IEEE Region 10 Conference (TENCON 2019) · 2019
Bangladesh's ~2 million tribal and ethnic minority people are largely left out of the benefits of smartphone apps: language, culture, and unfamiliar icons make popular apps hard to use, and industry does not consider them stakeholders. We studied tribal communities' smartphone usage, evaluated the UX/UI of two popular apps (bKash and Bikroy.com) from their perspective, and designed voice-first UI solutions in tribal languages.
The problem
Tribal and ethnic minority people in Bangladesh attain less proficiency in Bangla and English — the languages of most apps — and, due to cultural differences, widely-used signs and icons can be meaningless. For example, the common gear/wrench icon for "settings" is unfamiliar to communities that still use hand-made tools for looming, agriculture, and building houses. Because so few tribal users use the apps, the commercial tech industry does not find it profitable to address their needs, and the gap keeps widening.
What we did
We collected responses from tribal community members about their requirements and the UI/UX issues they face with traditional mobile applications, and interviewed tech industry professionals about tribal-centric app development.

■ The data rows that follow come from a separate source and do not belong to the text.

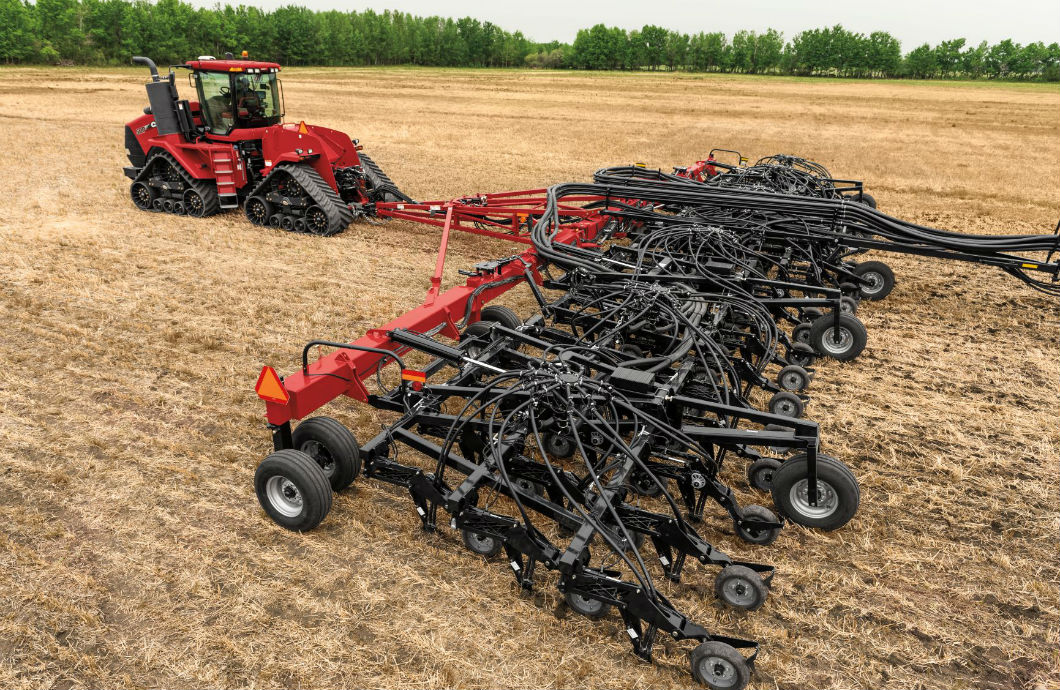 New for 2020, the Flex Hoe™ 900 air drill from Case IH is agronomically designed to help producers efficiently seed small grains, no matter the ground conditions.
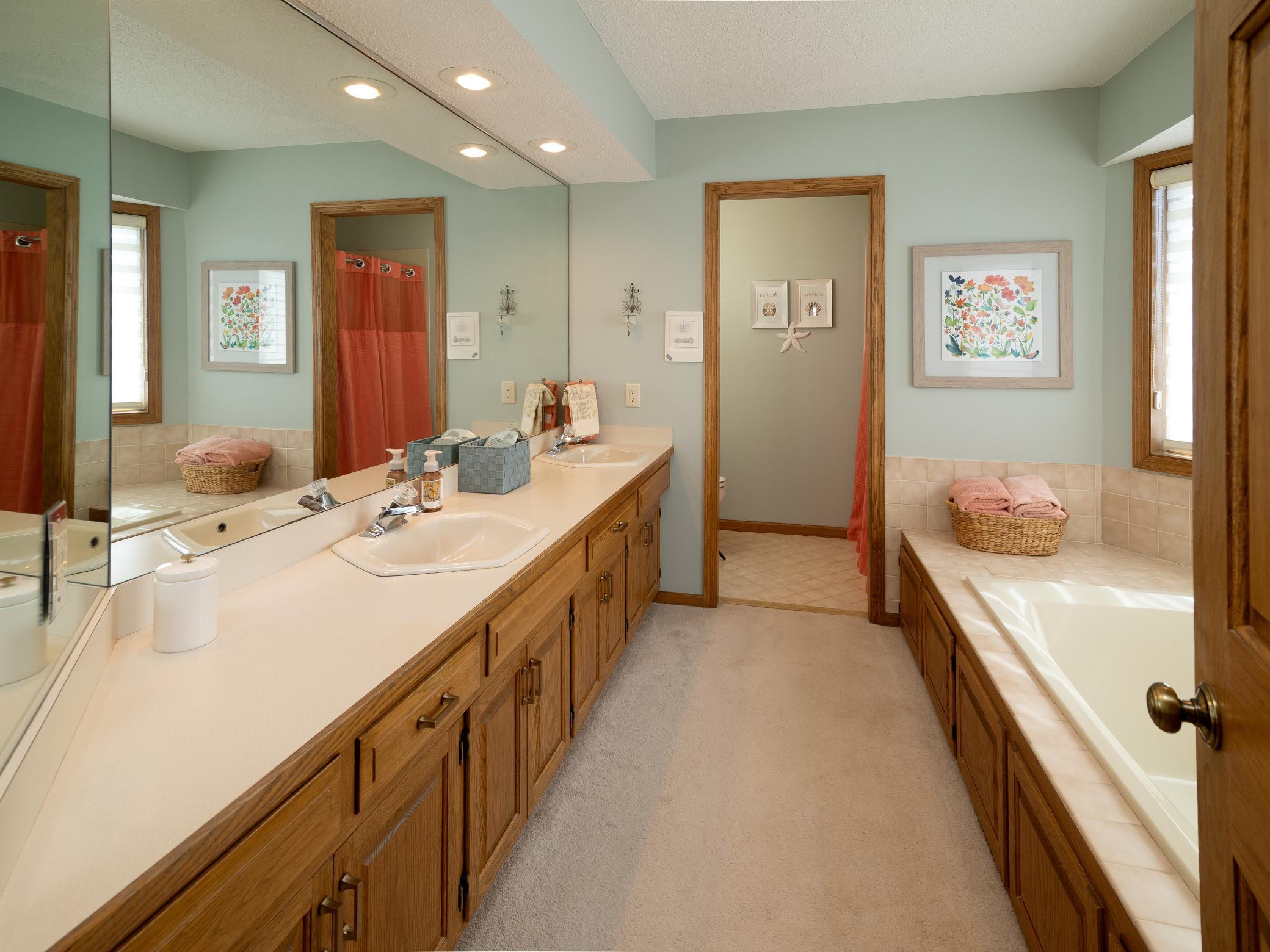 Private Primary Full Bath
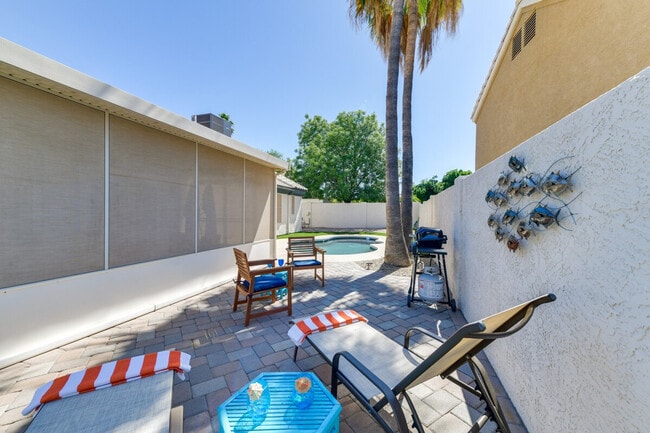 Building Photo - 4401 E Stanford Ave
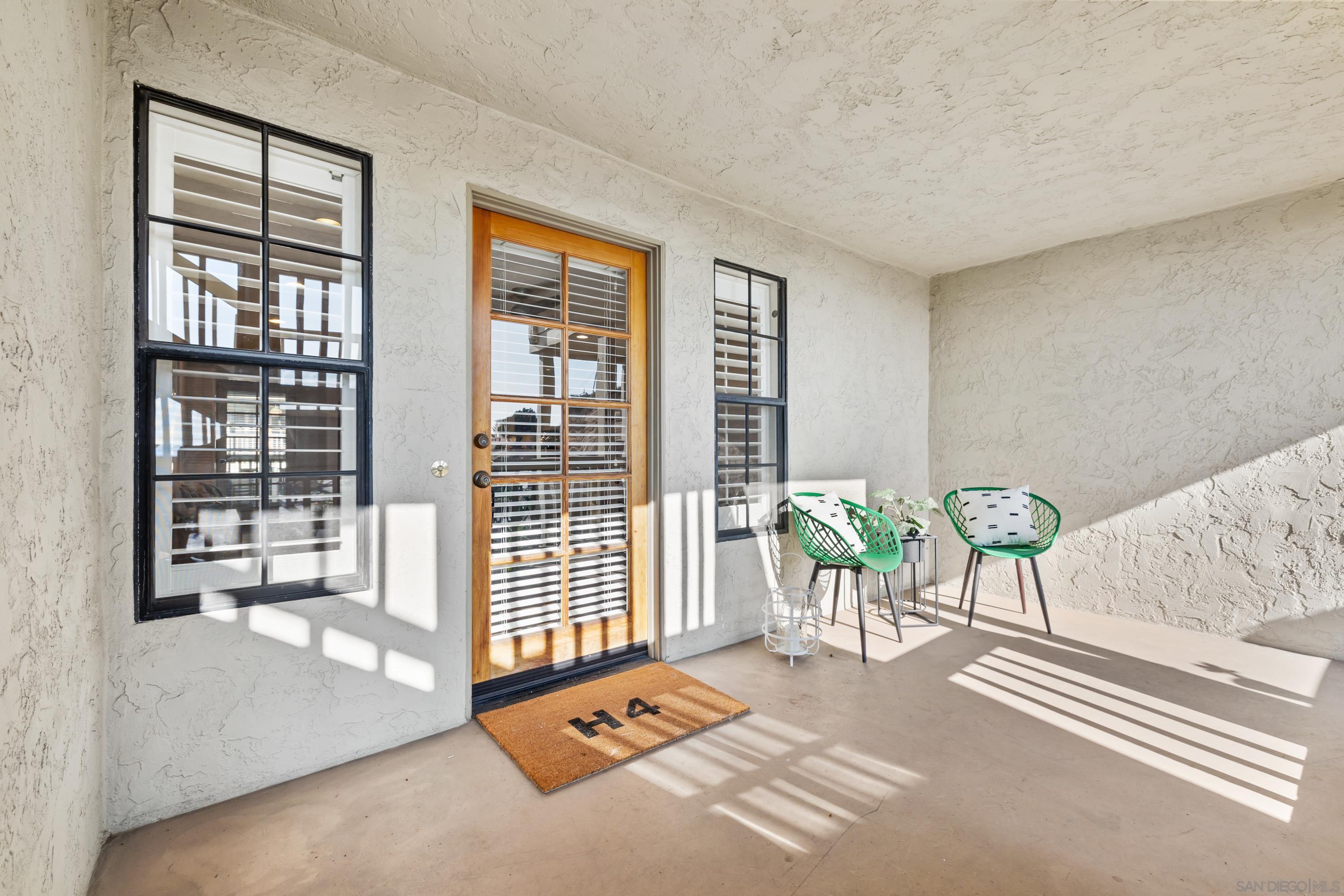 Detail Gallery Image 3 of 26 For 3961  Hortensia St  #H4,  San Diego,  CA 92110 - 2 Beds | 2 Baths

We then evaluated two popular Bangladeshi apps — bKash (mobile financial services) and Bikroy.com (classifieds) — from the perspective of tribal users, and designed user interfaces to maximize their user experience, prioritizing the communities' cultural sanctity throughout data collection.
Key results
- Culture, language, and customs of ethnic minority groups create concrete barriers to successful interaction with mainstream apps, whose developers do not consider these users as stakeholders during development.
- Our proposed UX/UI designs — tap-to-listen product details in tribal languages, voice commands, voice messages for negotiating prices, and audio explanations of app icons — demonstrate a pragmatic way to remove barriers around app interaction, navigation, and reliability.